Das Projekt RUBIN, hinter dem sich Deutschlands erste automatisierte U-Bahn-Linie verbirgt, fährt dem Ziel entgegen. Seit Mitte Dezember 2007 läuft der Erprobungsbetrieb für die Nürnberger U-Bahn-Linie U3 (Gustav-Adolf-Straße – Maxfeld). „Wir liegen gut im Plan und sind insgesamt mit dem Verlauf zufrieden“, so der Vorstandsvorsitzende der VAG Verkehrs-Aktiengesellschaft Nürnberg, Herbert Dombrowsky.

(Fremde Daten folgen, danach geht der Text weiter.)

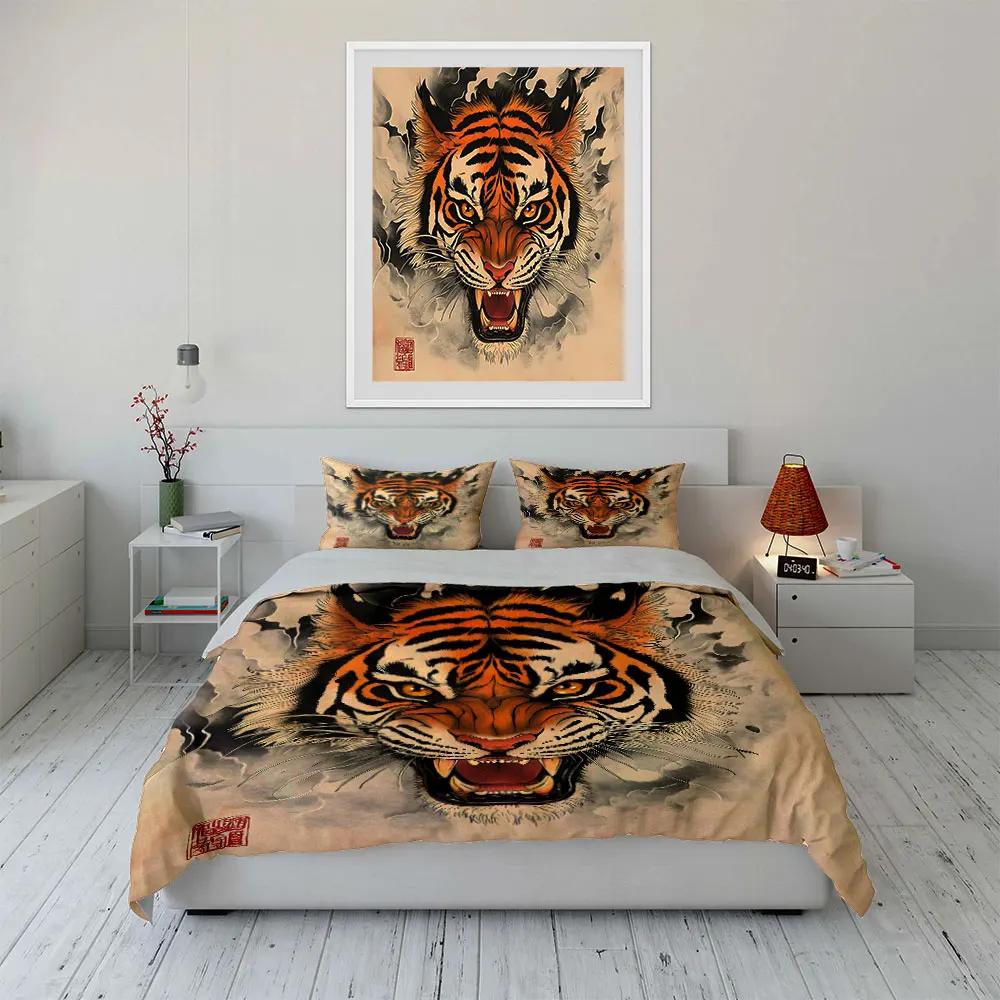 Tiger Art Decor Set - Home Display Soft Comfortable Duvet Cover Bedding Set Included 1*Duvet Cover & 2*Pillowcases gift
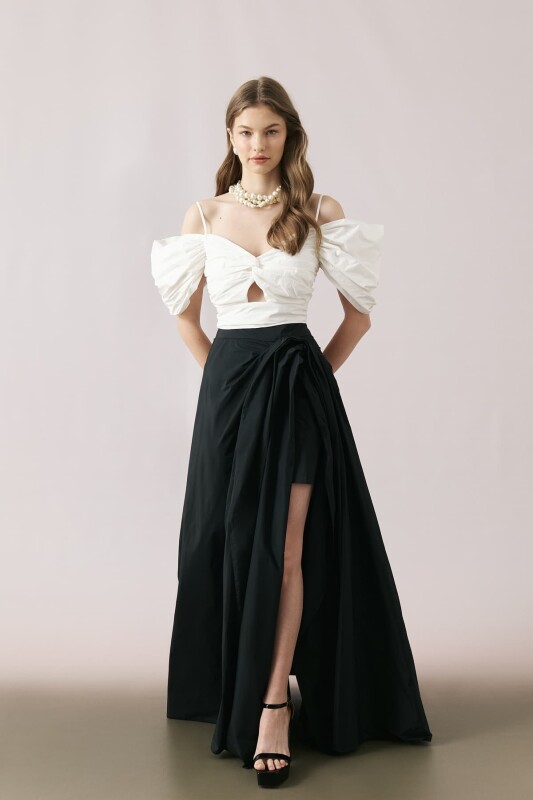 Maksi Boy Tafta Etek Siyah - 1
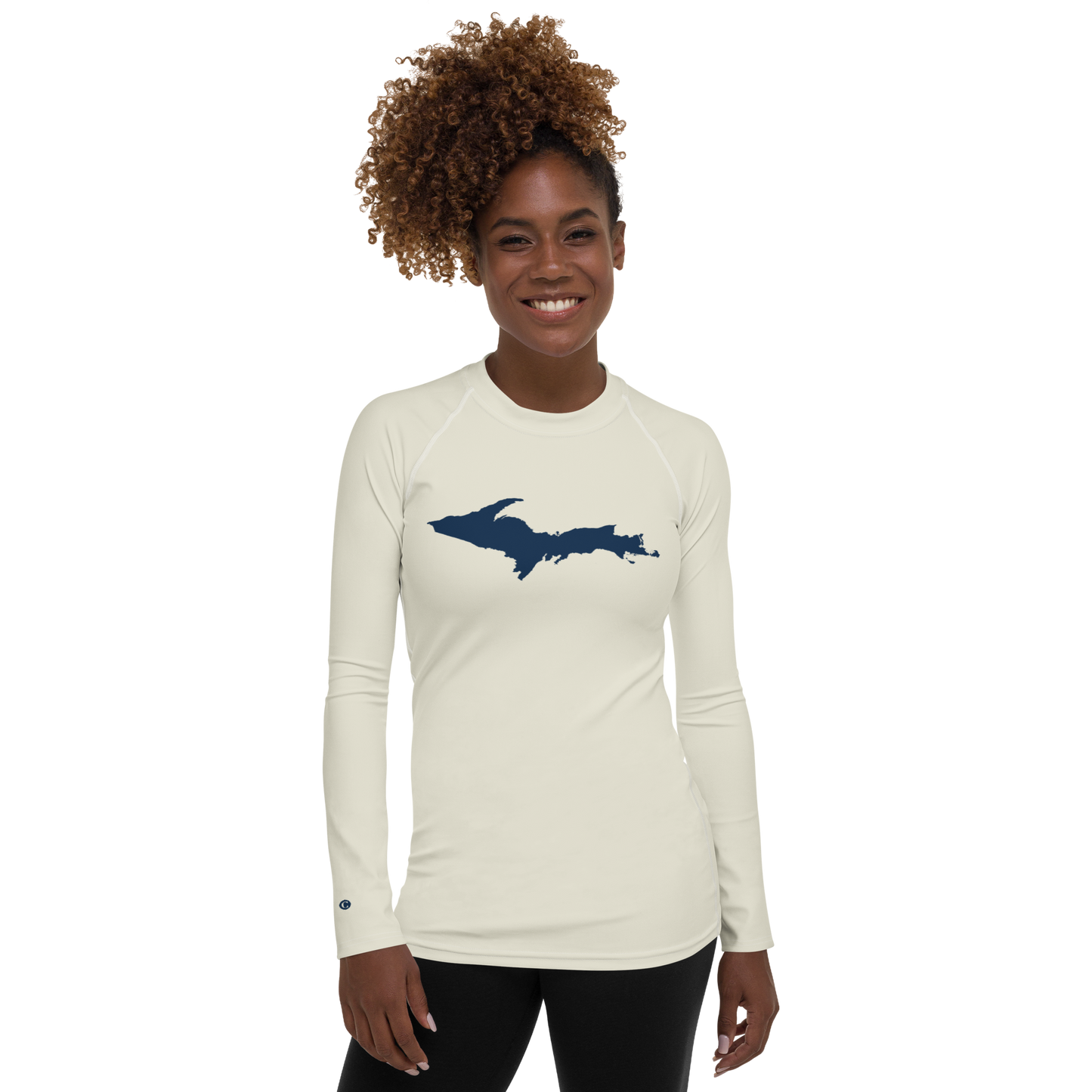 Michigan Upper Peninsula Rash Guard (w/ UP Outline) | Women's - Ivory White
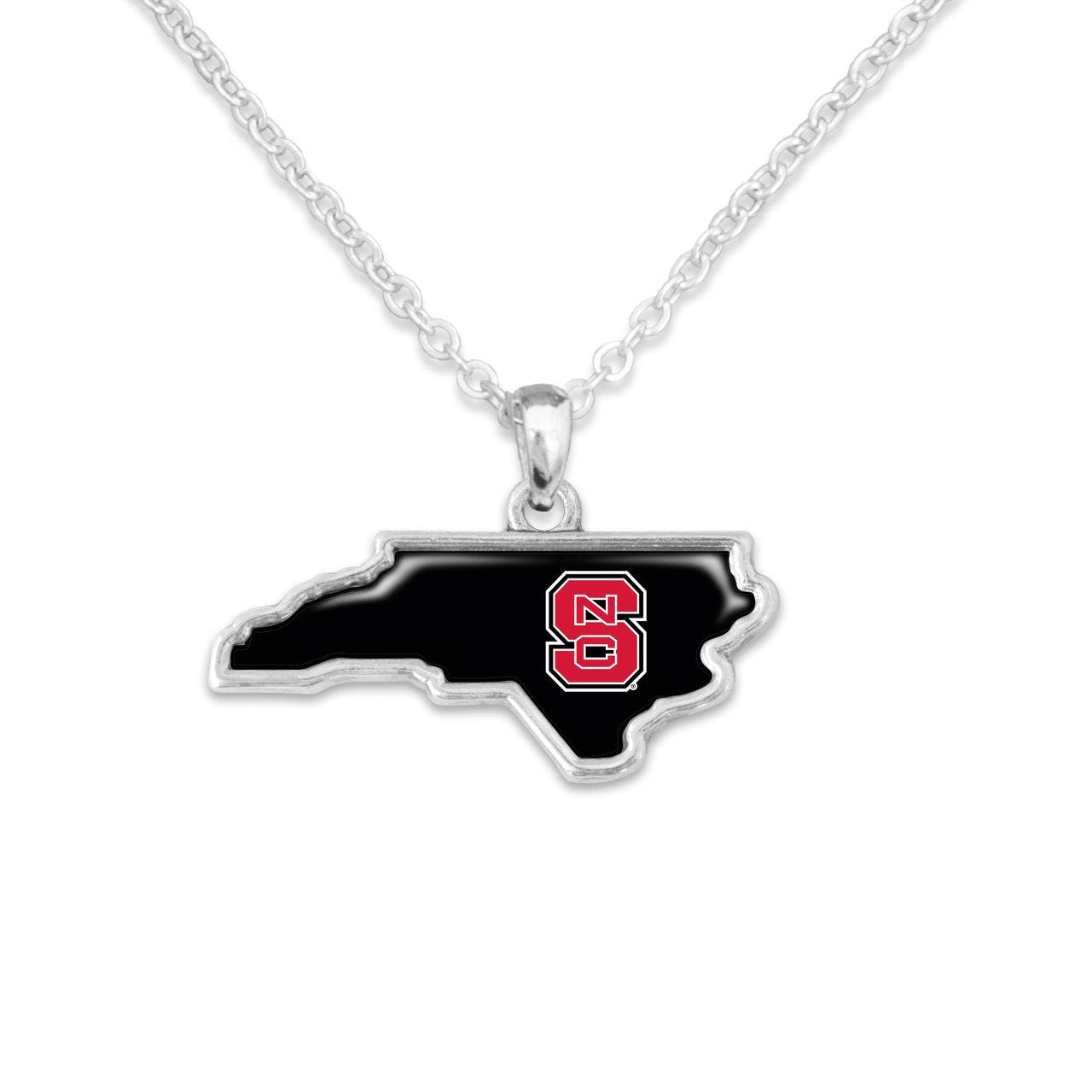 Officially Licensed NORTH CAROLINA State Wolfpack Necklace - State of Mine Logo Pewter Charm Sterling Plated - NC State University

Beendet wird der Erprobungsbetrieb Mitte April 2008. Im Anschluss an den Erprobungsbetrieb schreiben die Gutachter für die Technische Aufsichtsbehörde (TAB) bei der Regierung von Mittelfranken die abschließenden Stellungnahmen. Nach Prüfung der Unterlagen und der Stellungnahmen steht dann die endgültige Freigabe des automatisierten U-Bahn-Systems durch die TAB an. Derzeit erstellen TAB, Gutachter und die Projektteams von Siemens und der VAG den exakten Zeitplan für die letzten Wochen vor der offiziellen Eröffnung. Je nachdem wie lange der Begutachtungs- und Freigabeprozess dauert, wird die VAG die so genannte stufenweise Inbetriebnahme der U3 mit Fahrgästen noch vor der offiziellen Eröffnung terminieren. Dieser Termin steht inzwischen fest. Die U3 wird am Samstag, 14. Juni 2008 endgültig für den Fahrgastbetrieb freigegeben.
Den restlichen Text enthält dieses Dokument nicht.